In terms of commenting on medical matters, the closest [the Applicant’s counsellor] comes is to say that she ‘screened’ the Applicant for ASD but that this was “not a diagnosis” and if the Applicant wanted a diagnosis then “she would be able to take the screening to her doctor to get a referral to a psychiatrist, where formal testing would be carried out” [HB/18/279]. It seems that no referral has been made. Despite [the Applicant’s counsellor] accepting she is not qualified to make any diagnosis in respect of ASD, she goes on to make statements in her letters such as:
“In more recent months of our counselling relationship, knowing that some of her nephews have been diagnosed with Autism Spectrum Disorder (ASD) I felt able to suggest to Heather that I believe it is highly likely that she may be Autistic too. I said to her that obviously, this can only be diagnosed by a psychiatrist.

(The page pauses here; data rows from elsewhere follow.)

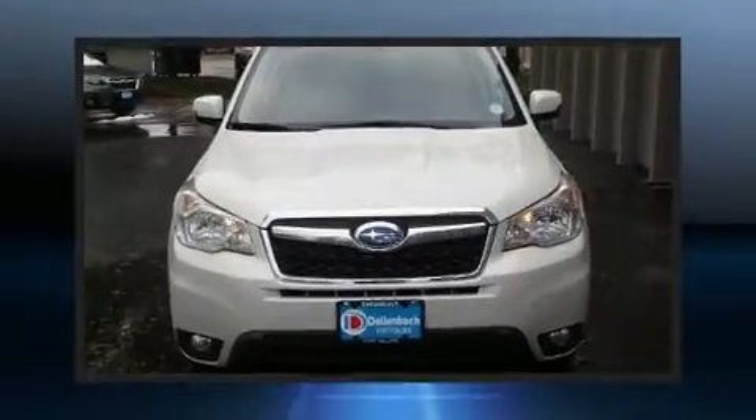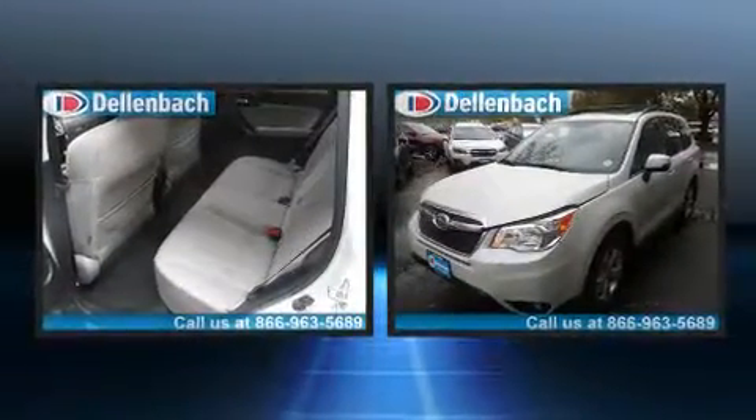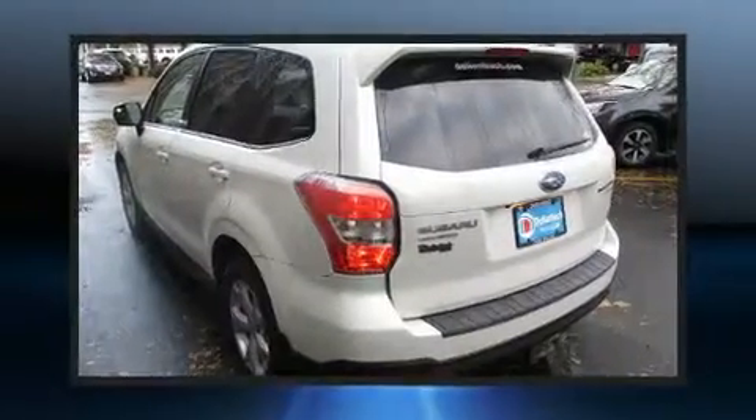You can expect a lot from the 2014 Subaru Forester. Under the hood, you'll find a four-cylinder engine with more than 170 horsepower. And for added security, Dynamic Stability Control supplements the drivetrain.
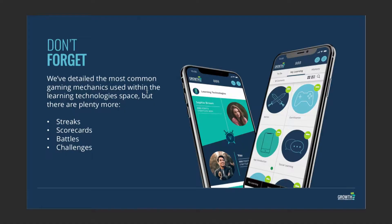So those are the real basics of gaming mechanics. There's a lot of debate in the industry about whether something has badges, a leaderboard, or levels — but there are so many more gaming mechanics you can use to increase engagement. Here are a couple more I want to touch on. The first is streaks.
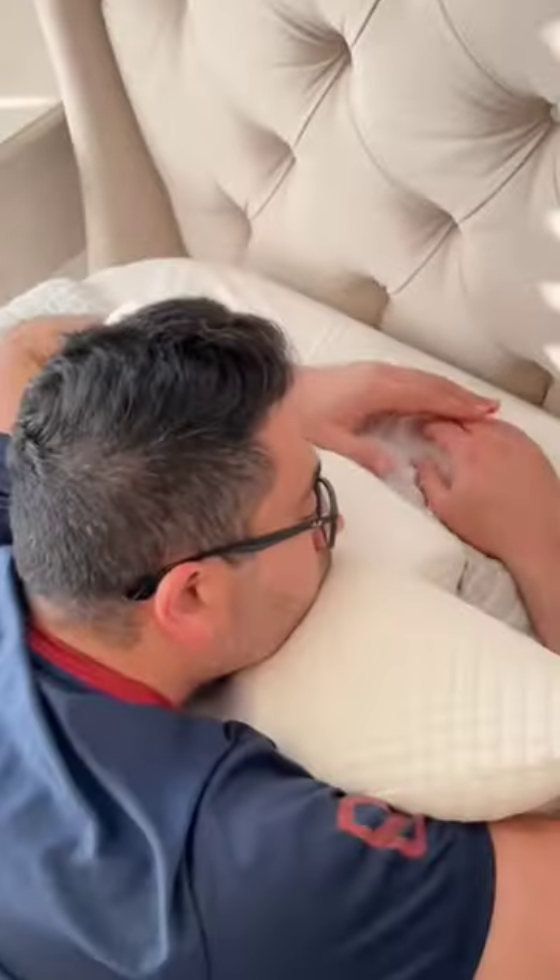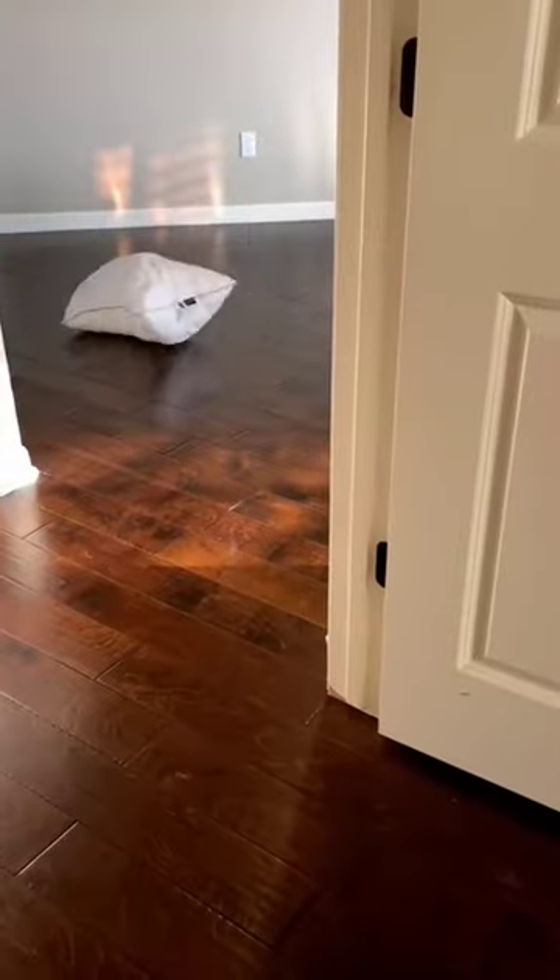This pillow of the future lets you sleep on your back, side, and even stomach so you can wake up feeling more refreshed and can throw your old pillow out the door.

Therefore, I am not giving her a diagnosis, simply a suspicion based upon the number of clients I have worked with over the years who have been on the Autistic Spectrum.
…
I decided to include my belief that it is highly likely that she has Autism Spectrum Disorder into this character witness statement.
…
Heather’s genetic make-up being that of someone on the autistic spectrum, means that she gets a hyperfocus, where she can focus on nothing but the proceedings, going over and over everything increasing her stress levels and leaving her unable to sleep for weeks at a time.”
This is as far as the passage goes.